These days, I’ve kind of felt like most anti-gun editorials are really more of a dog bites man story. But every once in a while, you’ll find one that dials up the stupid to 11, and you just can’t help but mock it. This is one of those stories:
As I flipped through the pages of this children’s activity book, my innocent curiosity quickly shifted to annoyance and then disgust. This was a book written for preschoolers to first graders with the intent of teaching kids not to play with the guns that they find through the hero-like advice of a large talking bird.
Yes, the abject horror of kids learning not to play with guns. What will that evil National Rifle Association think up next!? Don’t they know that a lot of kids are killed by guns every year? And that poor Trayvon, “with Skittles in one hand and iced tea in the other, was shot to death in 2012 via Florida’s Stand Your Ground law.” To borrow from Miguel a bit:
“We have to do something about all these kids who die from gun accidents.”
“Okay, we’ll create a program that teaches young children that guns are dangerous, and not to play with them.”
“That’s awful. You can’t do that. Think of allÂ the kids that die from guns!”
8 thoughts on “The Horror: Eddie Eagle”
Teaching kids via the medium of a giant talking bird – hmmmm Sesame Street anyone?
Sesame Street – Big Bird, a giant yellow talking bird that teaches children. GOOD.

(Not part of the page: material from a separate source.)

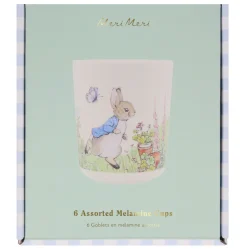 Meri Meri Peter Rabbit Reusable Cups - Set of 6- Easter|Novelty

NRA – Eddie Eagle, a giant talking bird that teaches children about guns. BAD.
See the hypocrisy now?
The (hidden) alleged point of the article was that “we shouldn’t make the poor kids strain their brains by making them responsible for avoiding guns.” Except where does that end? Take away stoves and kitchen knives?
Yes. Sadly, taking away knives in the next step.
I’ve shown my children the Eddie Eagle video, and they at least understood the message! They probably need to see the video again a few dozen more times, for the message to sink in, though.
And I still need to take them shooting. (Oh, the horror: show kids how guns work, and what they can do to a poor watermellon, and maybe they’ll be more inclined to leave them alone when they accidentally come across one!)
Nah, all this “teaching gun safety to kids” is paranoia, though, isn’t it? Because we can guarantee that our kids will NEVER come across a forgotten gun in an attic, or a gun in the bush thrown off by a criminal being chased by the police, or a gun under childless Uncle Bob’s bed in a shoebox…because Safe Storage Laws will GUARANTEE that all guns will automatically be found, and safely stored, IMMEDIATELY upon passage…
The author of that article must have done very little research or did I miss where the author mentions that the Eddie the Eagle program has been around since 1988.